Um diese unmenschliche Asyl- und Flüchtlingspolitik legitimieren zu können, müssen die Schutz suchenden Menschen zu einer Bedrohung aufgebaut werden. Schon die Verwendung von Begriffen wie „Sicherung“ oder „Schutz“ der Außengrenzen soll suggerieren, dass die EU von den Asylsuchenden angegriffen würde. Tatsächlich kann man das, was an den EU-Außengrenzen geschieht, kaum mehr anders als einen Krieg Europas gegen die Menschen aus den Krisenregionen des globalen Südens bezeichnen. Der beschlossene Ausbau der Grenzschutzagentur Frontex zu einer eigenständigen Armee mit 10.000 Leuten, macht dies ein weiteres Mal nur allzu deutlich.

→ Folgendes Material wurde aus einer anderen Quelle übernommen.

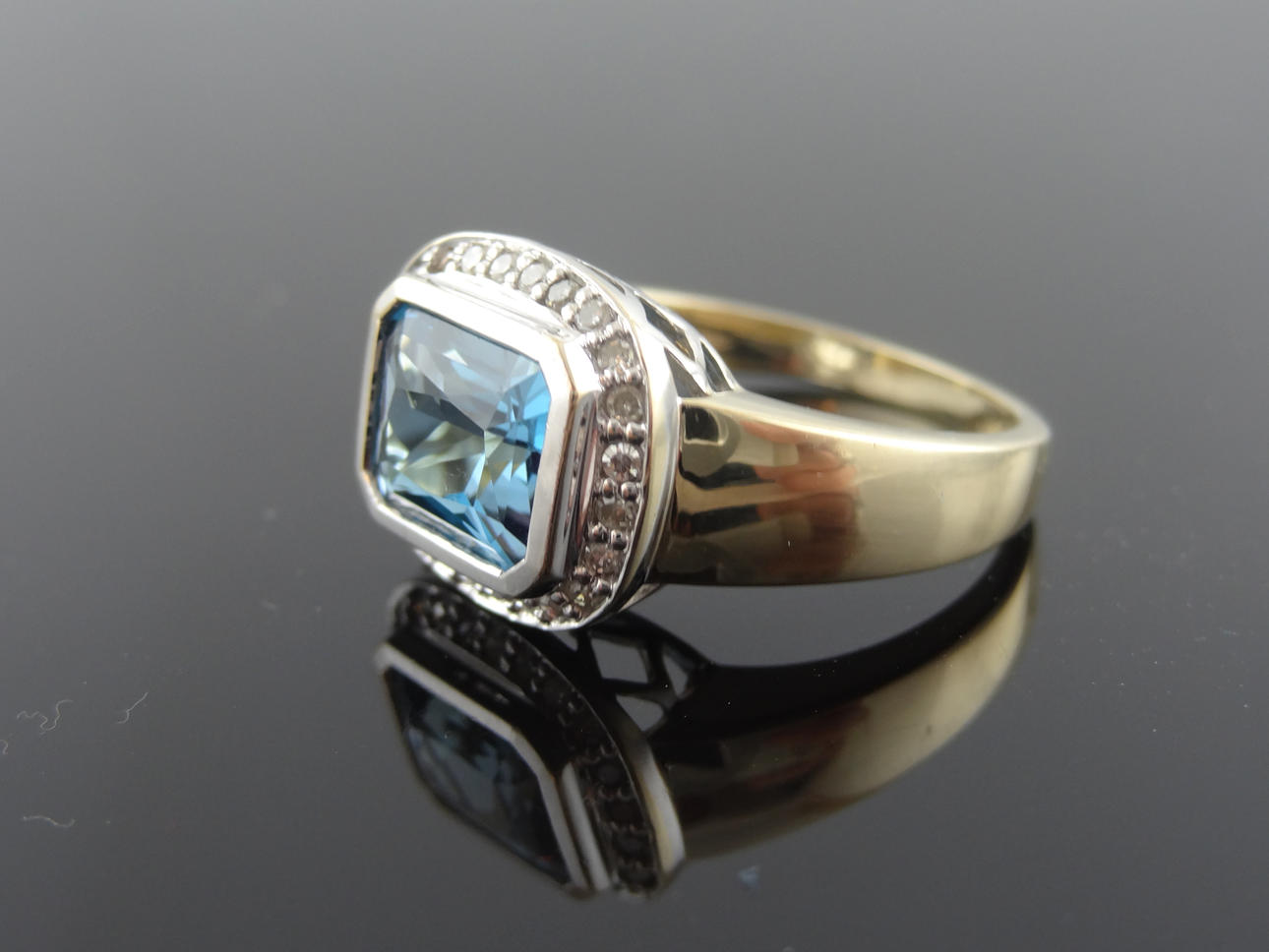 LONDON BLUE Topaz diamantring 3,74cts.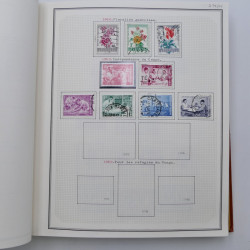 Collection timbres de Belgique, Pays Bas, Luxembourg en un album.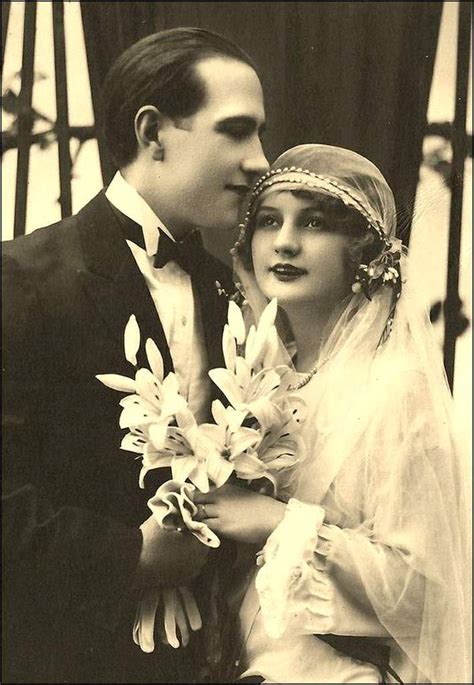 vintage romantique - couple - Balades comtoises | Old wedding photos, Wedding gowns vintage ...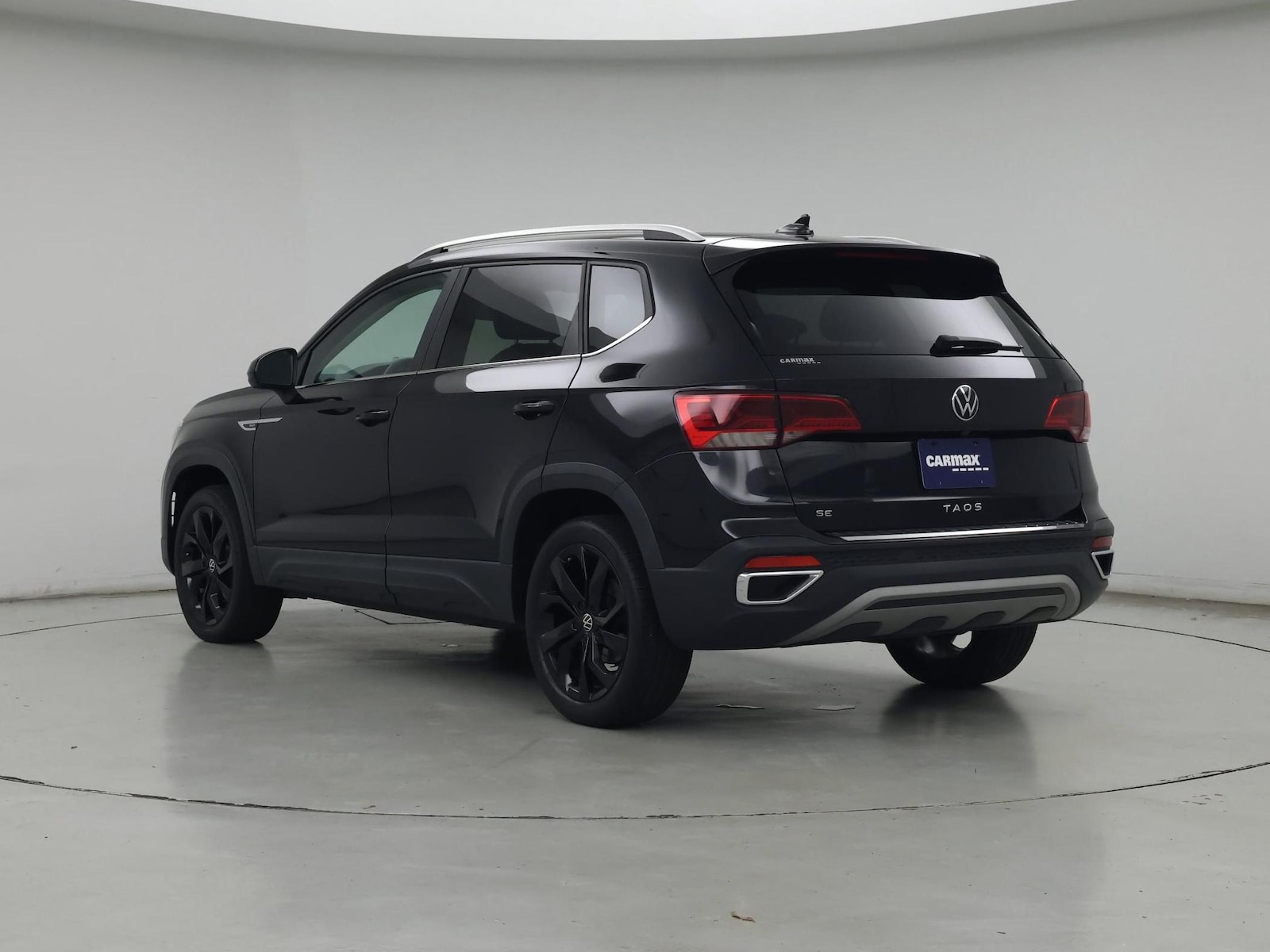 2023 Volkswagen Taos SE - Photo 3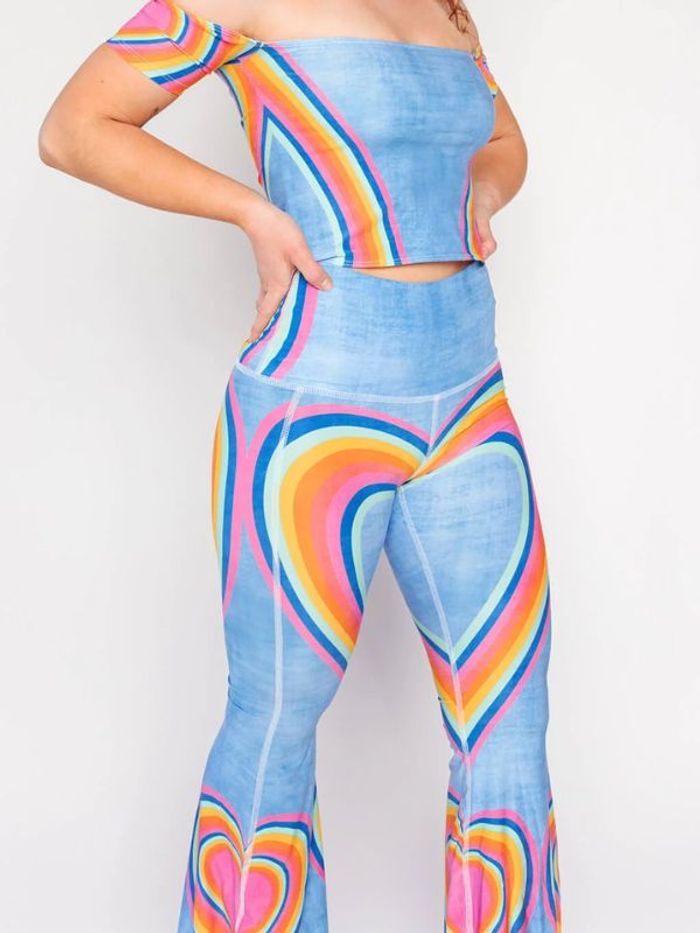 Yogaleggings Bell bottoms Rainbow Love - Yoga Democracy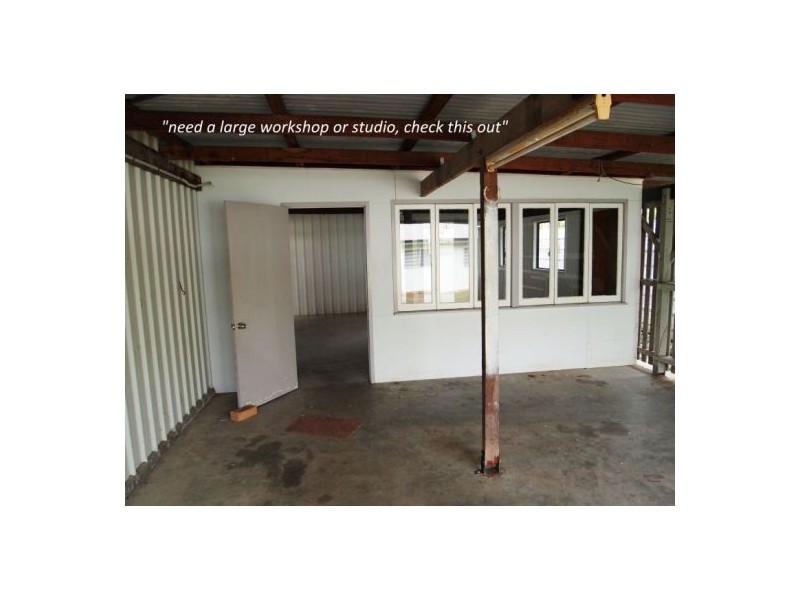 24 Spence St, Point Vernon QLD 4655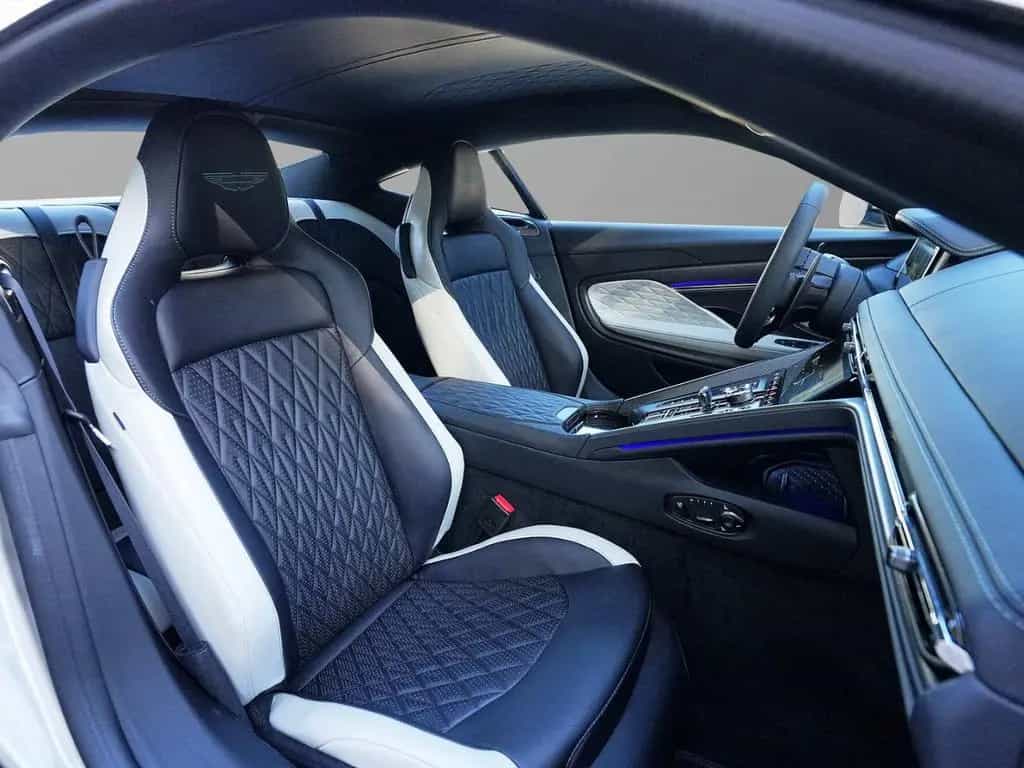 Aston Martin DB12 Aluminite Silver / Onyx Black null-photo-27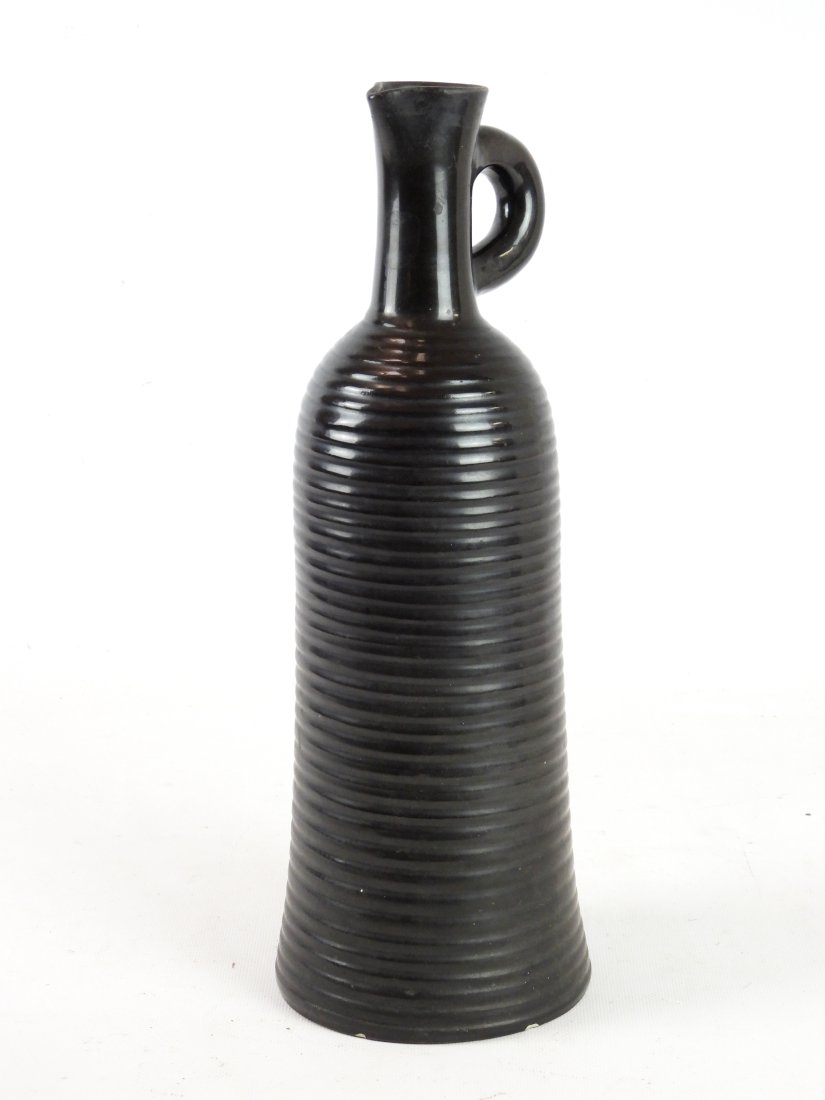 ACCOLAY : Important pichet en cÃ©ramique Ã©maillÃ©e noire mat Ã dÃ©cor annelÃ©. H: 39 cm.: ACCOLAY : Important pichet en cÃ©ramique Ã©maillÃ©e noire mat Ã dÃ©cor annelÃ©. H: 39 cm.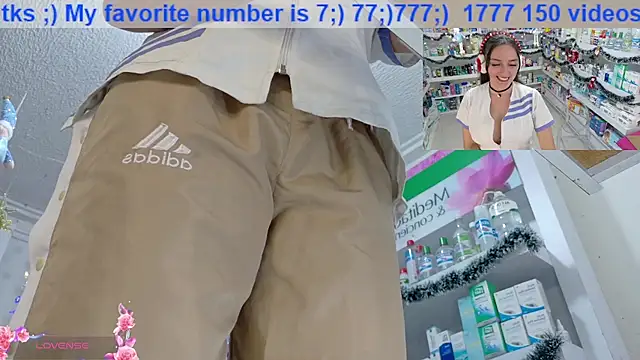 Snapshot of swmilena_hot_ chatting on December 5, 2025, 3:16 am swmilena hot online show from December 5, 2025, 3:16 am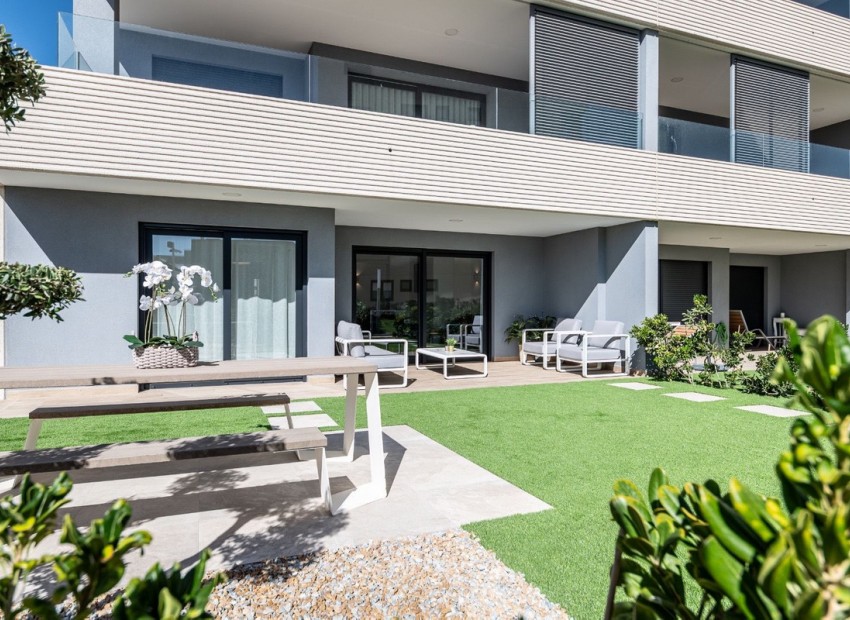 Resale - Apartment - Torrevieja - Torrevieja Centro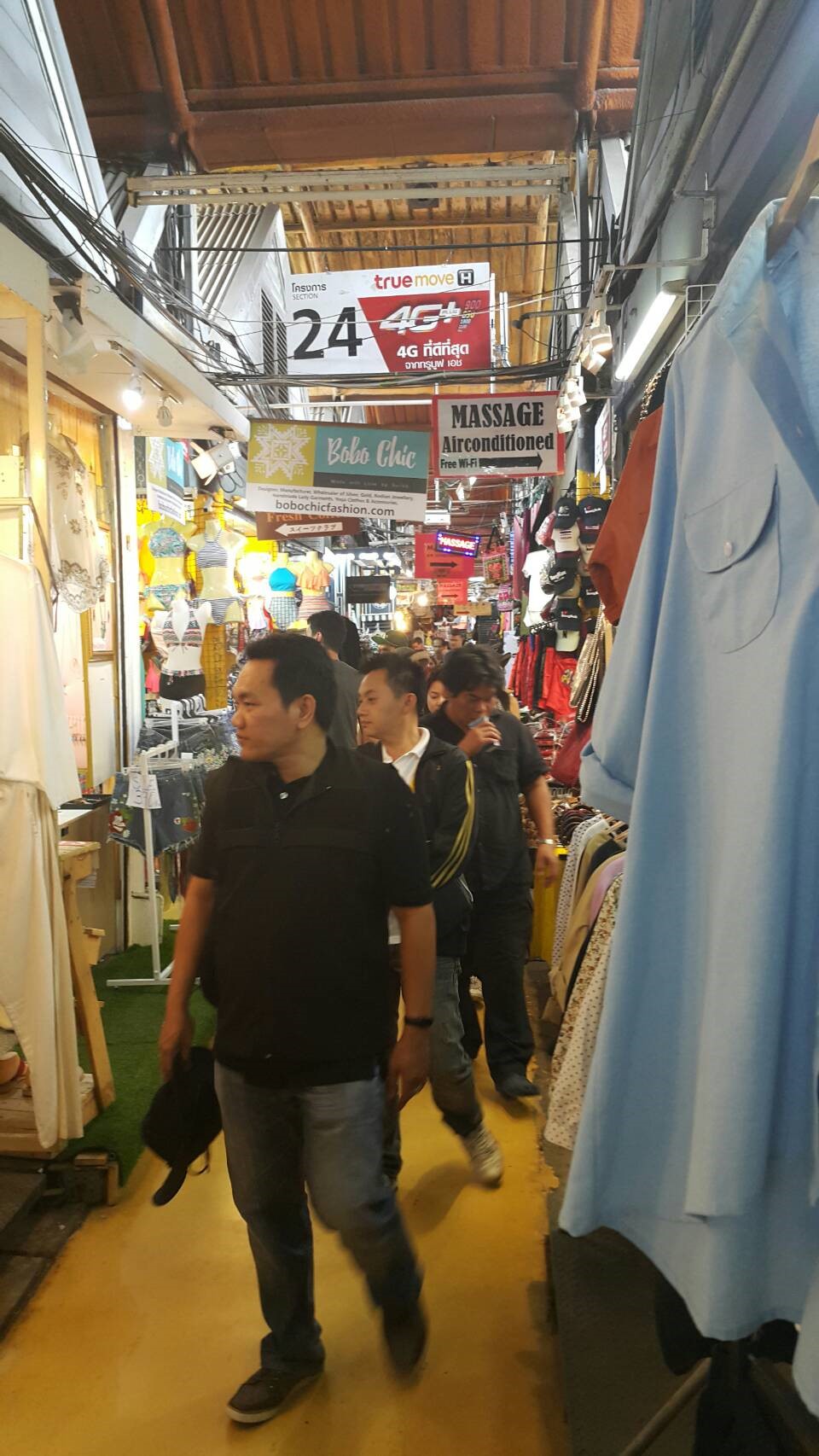กรมทรัพย์สินทางปัญญา ลงพื้นที่ตรวจสินค้าละเมิด ตลาดนัดสวนจตุจักร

Innerhalb Europas scheint ein Wettbewerb darin zu herrschen, wer die Geflüchteten am schäbigsten behandelt, um sie aus dem Land zu treiben. Wer in Folge dessen auf der Suche nach erträglichen Lebensbedingungen z.B. nach Deutschland weiter flieht, wird auch hier mit zunehmender Abwehr und Repression konfrontiert. Mit der Dublin-Verordnung soll verhindert werden, dass Menschen einfach selbstbestimmt bessere Lebensperspektiven suchen. Deshalb wird derzeit gerade auf die Menschen, die die Dublin-Verordnung nicht befolgen und nicht bereitwillig in die Verelendung zurückkehren wollen, erhöhter Druck ausgeübt. Das ist u.a. Sinn und Zweck des gerade durch das Bundeskabinett beschlossenen sog. „Geordnete-Rückkehr-Gesetz“.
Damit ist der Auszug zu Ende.